Chukwumerije lost narrowly to Alexandros Nikolaidis of Greece in the semi-finals in Beijing, before regaining his comportment and doing just enough to defeat Akmal Irgashev of Uzbekistan in the bronze medal match.
His next shot is, therefore, an Olympics gold medal in London.
“The All Africa Games is a special competition to me, perhaps not as much as the Olympics, for obvious reasons. It’s nice to have athletes from across Africa gathered in one place,” Chukwumerije said.
“The Olympics is a dream for me, and I toss in my bed at night just thinking about it, and considering I just completed my Masters degree programme in the UK, participating in the London Olympics will hold a special significance for me. I recognise this, and that is why I train so hard so I can earn the qualifying tickets yet again.”
The national camp
He isn’t looking forward to the intrigues and drama that usually precede the country’s preparations for major championships, but he looks forward to flying the green and white of Nigeria as high as he can.
“The lows for me are the training camps,” he disclosed. “There’s always constant bickering and politicking that can make one lose focus. Thus, I prepare more mentally for the national camps than I do for tournaments… this drains me,” he stressed, before adding: “Representing Nigeria will always be a high for me, and winning a medal makes it even more memorable, especially when you work so hard for it.”
Despite his family’s background – his father, Uche Chukwumerije, is currently a serving senator in the National Assembly – Chukwumerije has never undermined the importance of hard work and its relationship to success at all levels of life.
It was for this singular reason that in the months leading up to the Beijing 2008 Olympics, and with a ‘little’ help from his father who, like him and his siblings, holds a black belt in taekwondo, travelled overseas to prepare for the Games. This training tour took him to the United States of America, where he spent more than a month, and later on to England, Germany, and Taiwan.
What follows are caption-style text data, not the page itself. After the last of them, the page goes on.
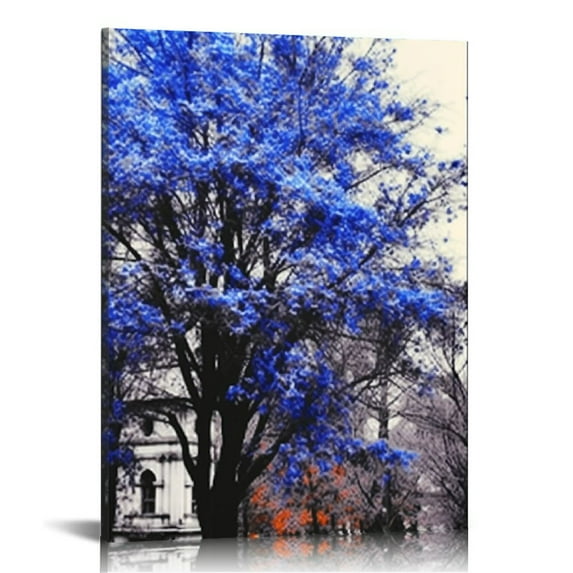 COMIO Blue Trees with Leaves Canvas Wall Art Modern Abstract Fall Forest Landscape Pictures Paintings for Living Room Bedroom Home Decorations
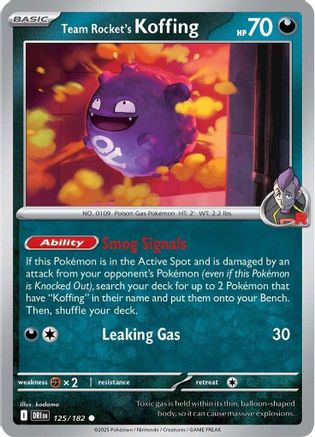 Team Rocket's Koffing 125/182  - Reverse Holofoil SV10 Destined Rivals - Common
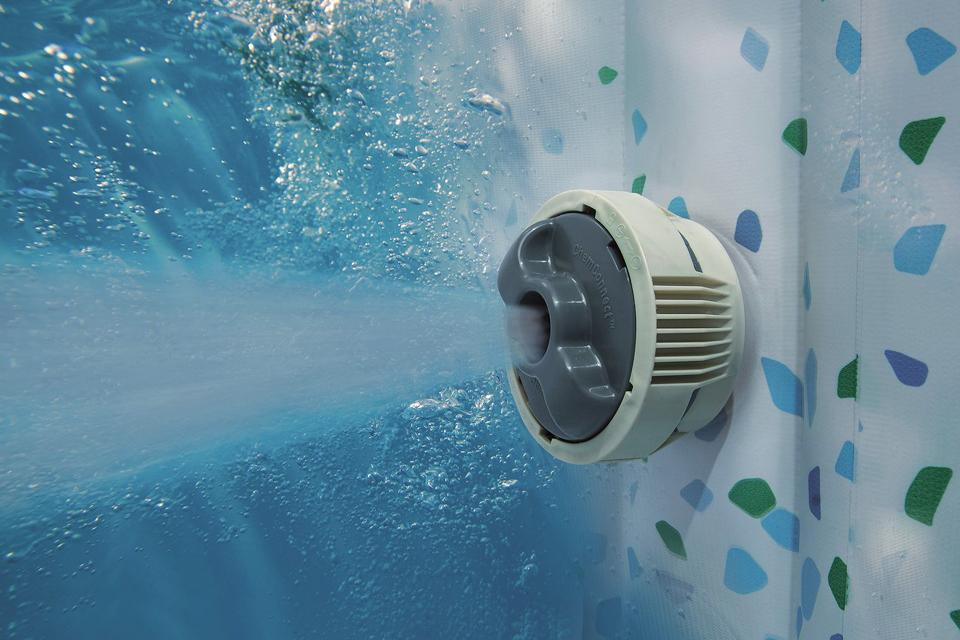 Inflatable hot tub features.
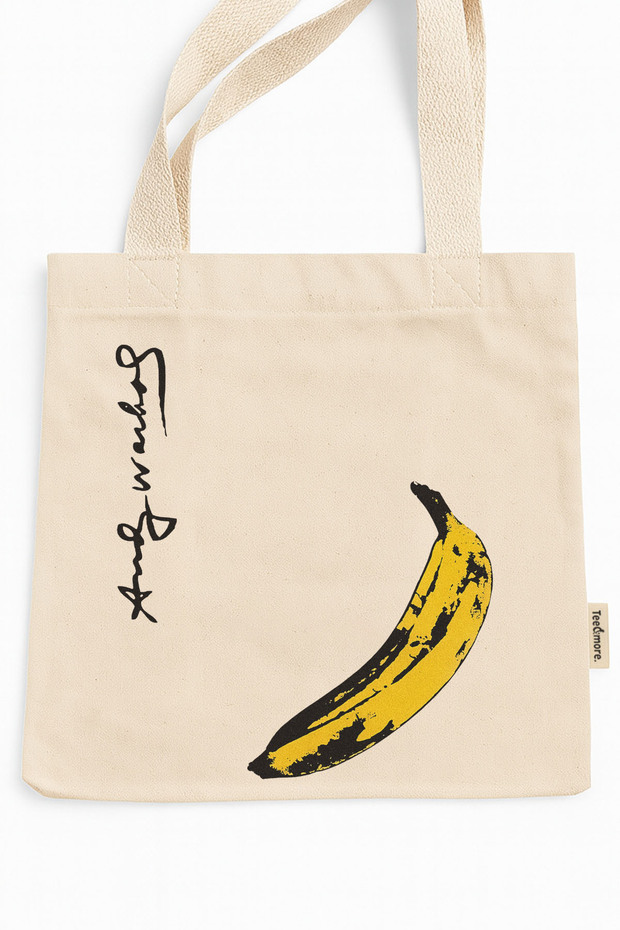 Andy Warhol Banana Printed Canvas Tote Bag with Velcro and Inner Pocket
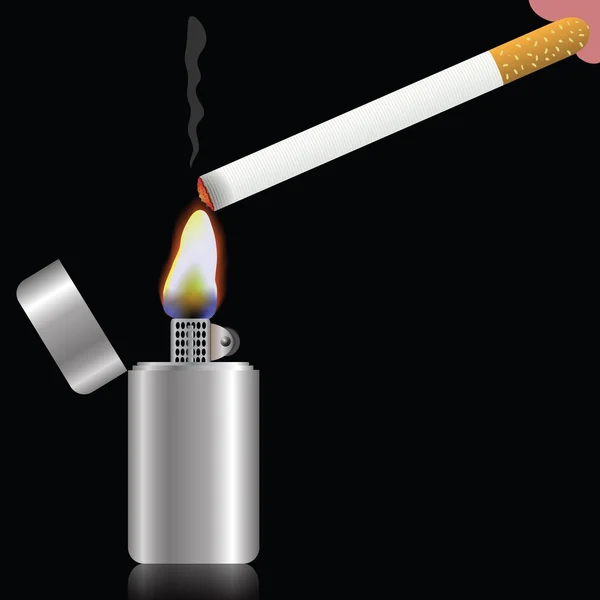 Cigarette and lighter — Stock Vector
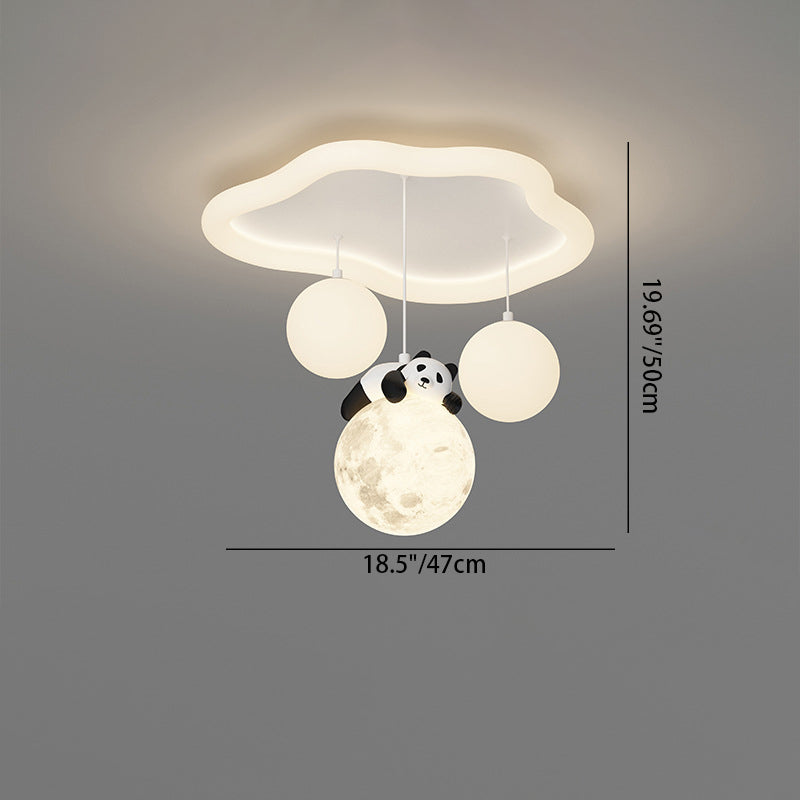 Zeitgenössische kreative Panda Orb Cloud Petal Pebbles PE Eisen LED Unterputz Deckenleuchte für Schlafzimmer 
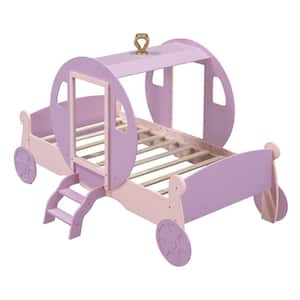 Pink Twin Princess Carriage Kid Bed with Crown, Wood Platform Car Bed with Stair
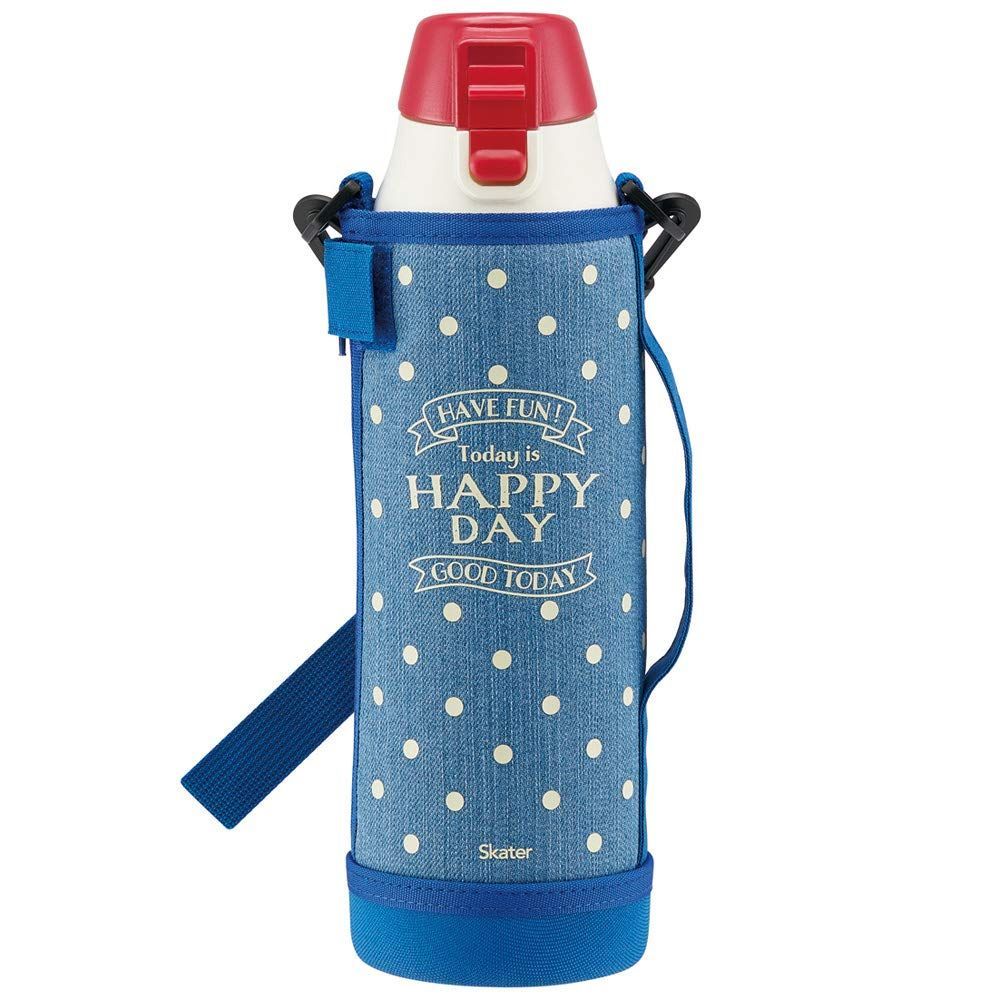 【在庫セール】直飲み 水筒 スポーツボトル 990ml ボトルカバー付き ブルー スケーター HAPPY DAY KSDC10S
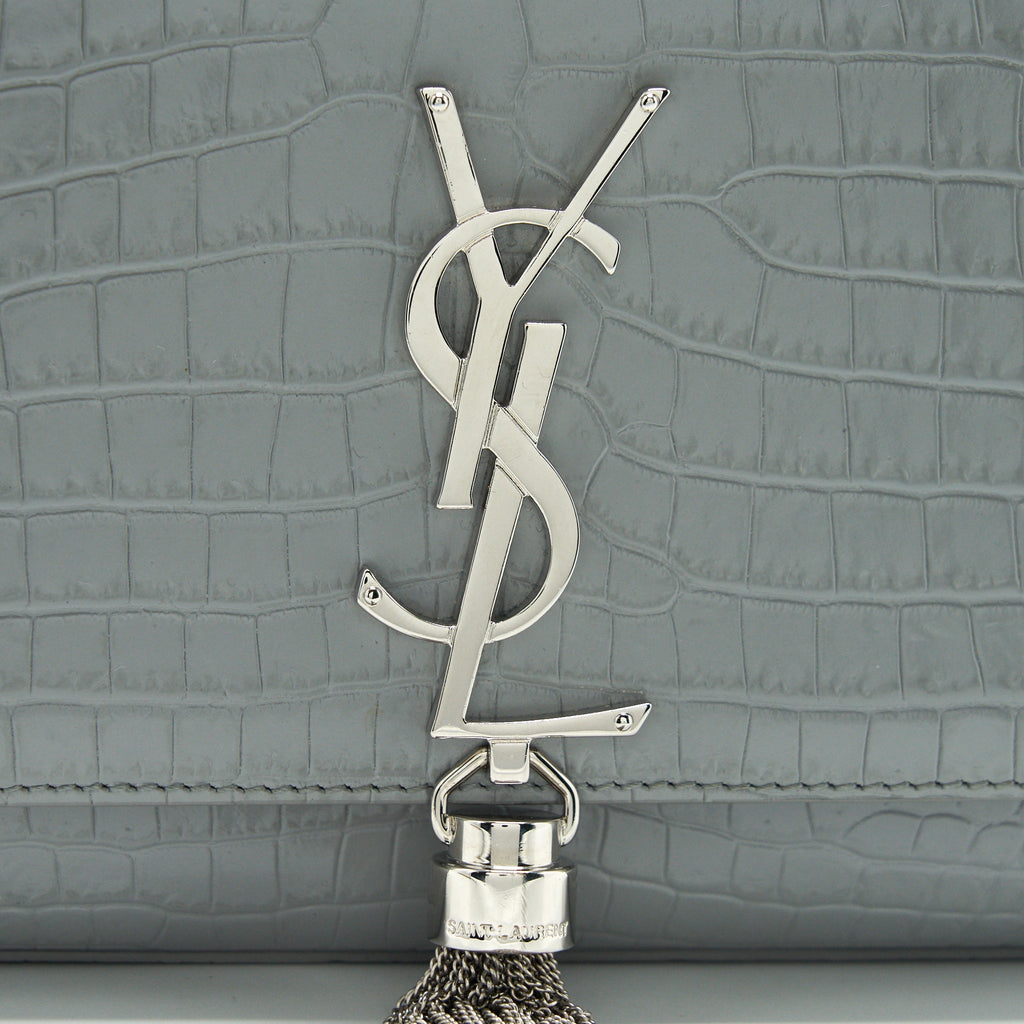 SAINT LAURENT/YSL SMALL KATE BAG CROC-EMBOSSED WITH TASSEL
But so much has changed in taekwondo in the few years that have passed since he won a medal on that fateful Saturday, August 23, in 2008. And Chukwumerije knows he has to practically repeat this process all over again if he is to excel in the sport he loves so much.
So what does he plan on doing?
“By starting from scratch all over again,” he says.
“The past is the past, and I have seriously forgotten about any achievements that have occurred. Things are changing… things have changed… and I must adapt to these changes. There are new rules in taekwondo, new competition equipment, different fighters currently in the circuit, etc. All these affect how I am training in South Korea.
His training programme is being funded by the Nigeria Olympic Committee, though he believes that the build-up could have been better with the help of corporate Nigeria.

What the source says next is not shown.